#### Problem:
Among the entries below, find every line that has "Blue" and pull it out.

[Web page caption snippets]
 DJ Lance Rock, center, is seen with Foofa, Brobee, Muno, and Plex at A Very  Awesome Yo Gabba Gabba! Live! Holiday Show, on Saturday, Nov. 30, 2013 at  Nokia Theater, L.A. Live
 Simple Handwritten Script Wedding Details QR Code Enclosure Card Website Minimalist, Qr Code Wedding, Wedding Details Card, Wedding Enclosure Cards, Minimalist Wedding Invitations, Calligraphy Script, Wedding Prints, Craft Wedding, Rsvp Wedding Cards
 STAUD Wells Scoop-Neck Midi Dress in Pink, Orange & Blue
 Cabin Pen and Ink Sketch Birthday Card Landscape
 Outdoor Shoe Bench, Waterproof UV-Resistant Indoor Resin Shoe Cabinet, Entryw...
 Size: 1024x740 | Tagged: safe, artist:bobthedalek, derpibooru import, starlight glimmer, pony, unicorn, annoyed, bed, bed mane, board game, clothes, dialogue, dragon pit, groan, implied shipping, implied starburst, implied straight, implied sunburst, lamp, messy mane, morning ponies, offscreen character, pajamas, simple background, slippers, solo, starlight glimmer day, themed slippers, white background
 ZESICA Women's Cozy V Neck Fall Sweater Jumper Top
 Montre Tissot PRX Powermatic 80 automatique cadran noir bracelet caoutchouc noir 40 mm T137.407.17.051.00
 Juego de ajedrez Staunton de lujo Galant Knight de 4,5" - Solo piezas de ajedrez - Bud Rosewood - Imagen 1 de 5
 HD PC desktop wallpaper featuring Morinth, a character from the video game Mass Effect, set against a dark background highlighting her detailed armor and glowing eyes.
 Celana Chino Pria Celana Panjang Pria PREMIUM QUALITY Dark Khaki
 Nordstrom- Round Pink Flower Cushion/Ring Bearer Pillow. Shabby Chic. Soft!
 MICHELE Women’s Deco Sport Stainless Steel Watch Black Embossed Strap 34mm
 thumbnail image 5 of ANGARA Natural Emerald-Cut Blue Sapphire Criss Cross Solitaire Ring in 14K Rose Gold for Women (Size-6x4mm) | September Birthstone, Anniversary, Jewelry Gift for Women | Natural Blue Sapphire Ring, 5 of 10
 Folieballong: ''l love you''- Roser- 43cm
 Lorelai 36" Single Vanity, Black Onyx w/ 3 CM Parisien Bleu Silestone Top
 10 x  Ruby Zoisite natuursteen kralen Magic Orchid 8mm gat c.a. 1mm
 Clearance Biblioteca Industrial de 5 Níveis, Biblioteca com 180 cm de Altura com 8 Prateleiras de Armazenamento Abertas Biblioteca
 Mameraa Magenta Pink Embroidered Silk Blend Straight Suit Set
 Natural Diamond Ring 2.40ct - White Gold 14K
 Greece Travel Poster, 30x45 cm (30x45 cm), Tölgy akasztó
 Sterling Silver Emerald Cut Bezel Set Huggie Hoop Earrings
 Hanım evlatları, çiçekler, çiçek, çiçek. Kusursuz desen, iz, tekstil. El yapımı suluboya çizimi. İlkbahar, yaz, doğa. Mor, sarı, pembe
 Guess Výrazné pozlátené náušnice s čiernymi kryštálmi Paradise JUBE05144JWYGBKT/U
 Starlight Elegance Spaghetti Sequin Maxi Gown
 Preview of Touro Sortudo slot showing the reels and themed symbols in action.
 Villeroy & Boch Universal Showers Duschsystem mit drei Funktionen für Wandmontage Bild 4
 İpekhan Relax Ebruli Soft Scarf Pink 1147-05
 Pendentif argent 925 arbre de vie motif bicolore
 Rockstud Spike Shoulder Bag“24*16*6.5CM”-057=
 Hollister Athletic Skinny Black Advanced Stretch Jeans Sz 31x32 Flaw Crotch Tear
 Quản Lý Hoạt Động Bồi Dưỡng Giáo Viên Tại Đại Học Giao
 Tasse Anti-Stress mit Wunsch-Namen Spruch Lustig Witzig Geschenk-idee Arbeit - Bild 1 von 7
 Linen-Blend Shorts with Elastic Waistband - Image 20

#### Answer section:
 STAUD Wells Scoop-Neck Midi Dress in Pink, Orange & Blue
 thumbnail image 5 of ANGARA Natural Emerald-Cut Blue Sapphire Criss Cross Solitaire Ring in 14K Rose Gold for Women (Size-6x4mm) | September Birthstone, Anniversary, Jewelry Gift for Women | Natural Blue Sapphire Ring, 5 of 10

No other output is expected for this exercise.